## Task inputs
┏━━

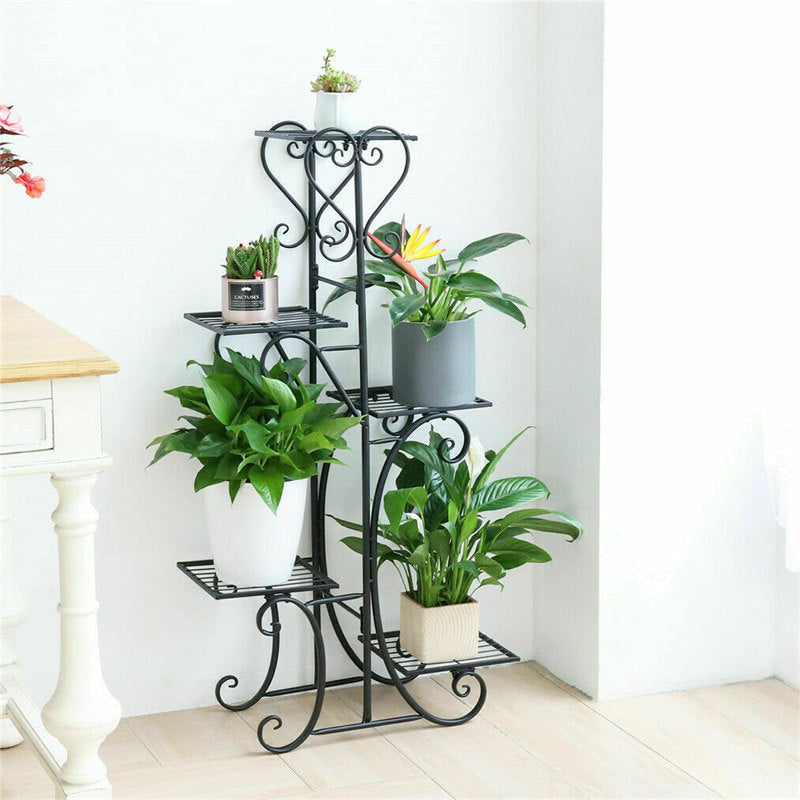 Lofaris 5 Tier Garden Metal Flower Plant Pots Display Stand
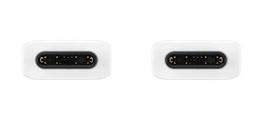 EP-DA705BWE Samsung USB-C/USB-C Data Cable 3A 1m baltos spalvos (OOB Bulk pakuotė)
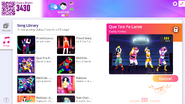 Quetirepalante jdnow menu computer.png (1.35 MB) Que Tire Pa Lante on the Just Dance Now menu (computer)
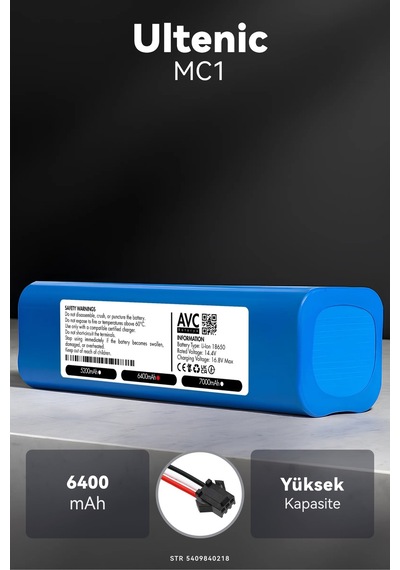 Ultenic Mc1 6400mah Robot Süpürge Bataryası K.k
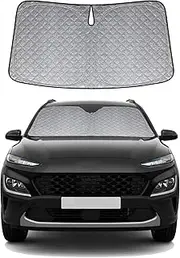 OTTO SHADES 6 Layers Thick WindScreen Sunshade for Hyundai Kona 2023-2025 Certified Foldable Windshield Sun Visor Proven to Block 99% UV Rays Heat Shield Cover Keeps Car Cool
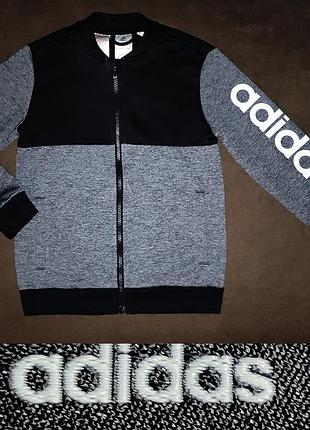 Спортивная кофта куртка adidas (оригинал) на 9-10 лет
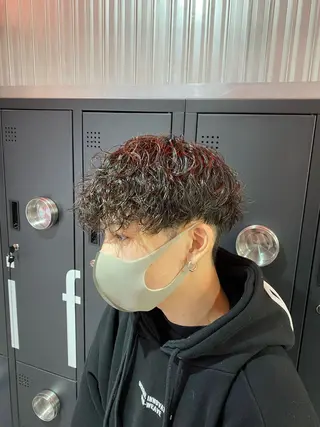 ミディアム カラー パーマ ヘアアレンジ メンズ キッズ ネイル マツエク・マツパ アイブロウ 🔥漢髪特化メンズ マネージャーYUKIのヘアスタイル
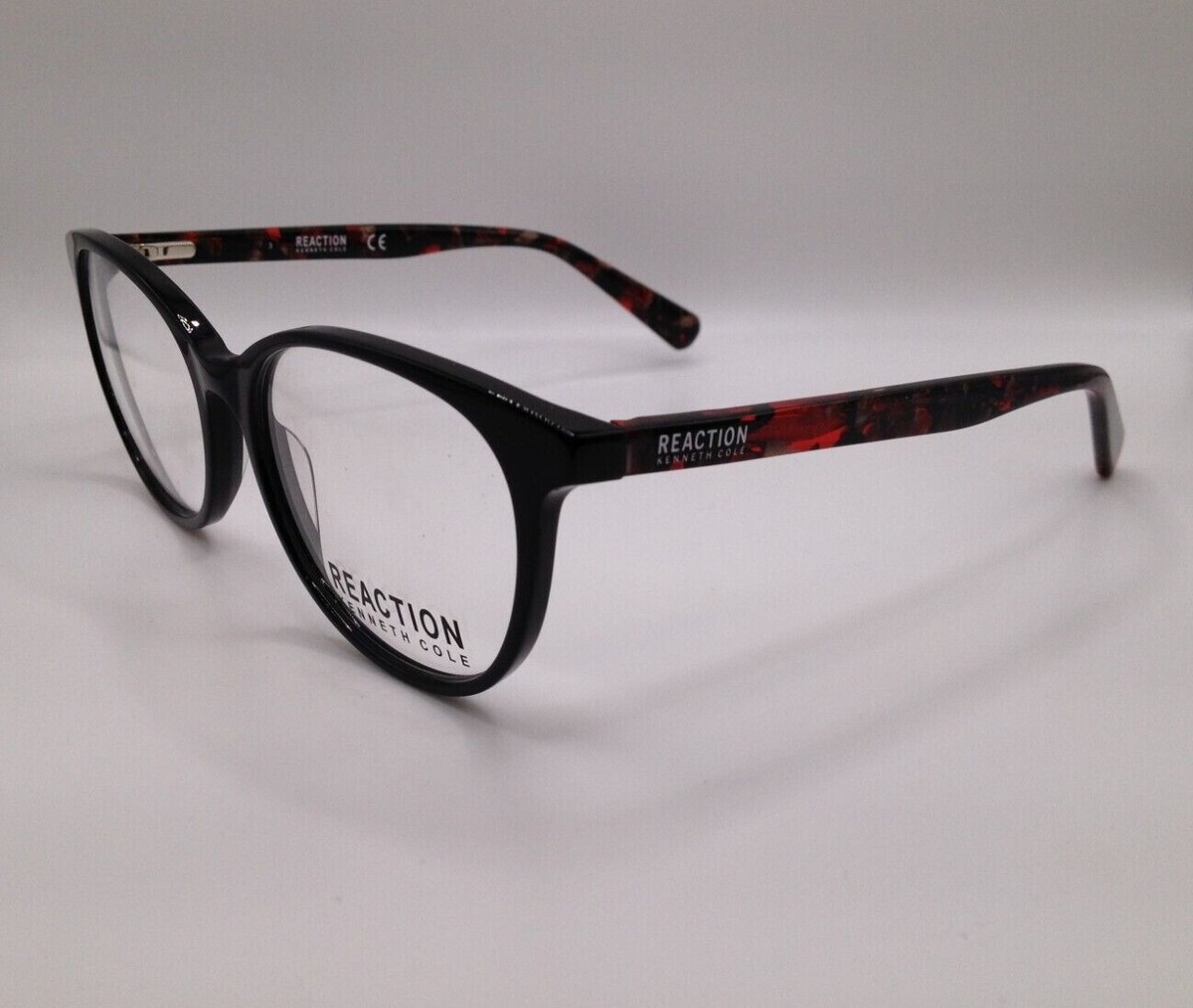 Kenneth Cole Reaction EYEGLASSES KC0900-001-53 New with case Kenneth Cole Reaction KC0900 001 Black Round Plastic  main image 2
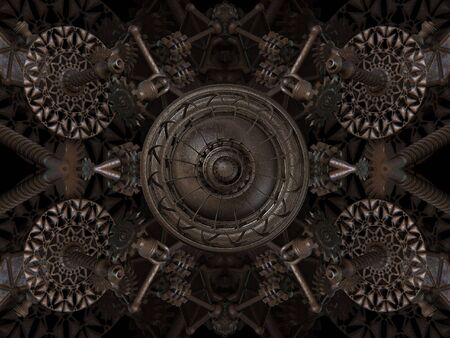 3D Render - Object - Abstract Machine Conceptの写真素材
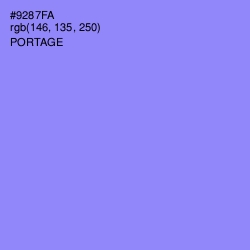 #9287FA - Portage Color Image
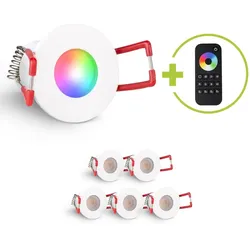 Einbaustrahler Mini Livorno 3W RGBW IP65 - Farbe: weiß - Anzahl: 6x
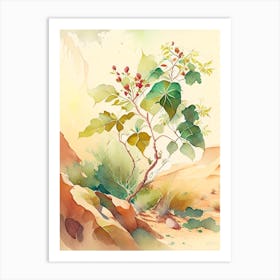 Poison Ivy In Desert Landscape Pop Art 2 Art Print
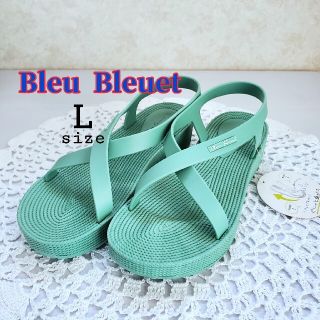 ブルーブルーエ(Bleu Bleuet)の新品✧Bleu Bleuet ウェッジサンダル👡 L（24cm～24.5cm）(サンダル)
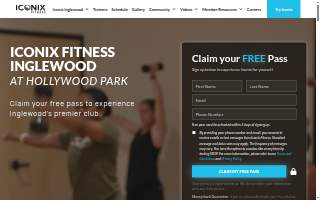 Iconix Fitness website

┗━━

## Required work
Starting at the line above with "OTTO SHADES 6", output every line exactly up to and including the line with "ブルーブルーエ(Bleu Bleuet)の新品✧Bleu Bleuet", but none of the pictures.

## Final answer
 OTTO SHADES 6 Layers Thick WindScreen Sunshade for Hyundai Kona 2023-2025 Certified Foldable Windshield Sun Visor Proven to Block 99% UV Rays Heat Shield Cover Keeps Car Cool
 Спортивная кофта куртка adidas (оригинал) на 9-10 лет
 ミディアム カラー パーマ ヘアアレンジ メンズ キッズ ネイル マツエク・マツパ アイブロウ 🔥漢髪特化メンズ マネージャーYUKIのヘアスタイル
 Kenneth Cole Reaction EYEGLASSES KC0900-001-53 New with case Kenneth Cole Reaction KC0900 001 Black Round Plastic  main image 2
 3D Render - Object - Abstract Machine Conceptの写真素材
 #9287FA - Portage Color Image
 Einbaustrahler Mini Livorno 3W RGBW IP65 - Farbe: weiß - Anzahl: 6x
 Poison Ivy In Desert Landscape Pop Art 2 Art Print
 ブルーブルーエ(Bleu Bleuet)の新品✧Bleu Bleuet ウェッジサンダル👡 L（24cm～24.5cm）(サンダル)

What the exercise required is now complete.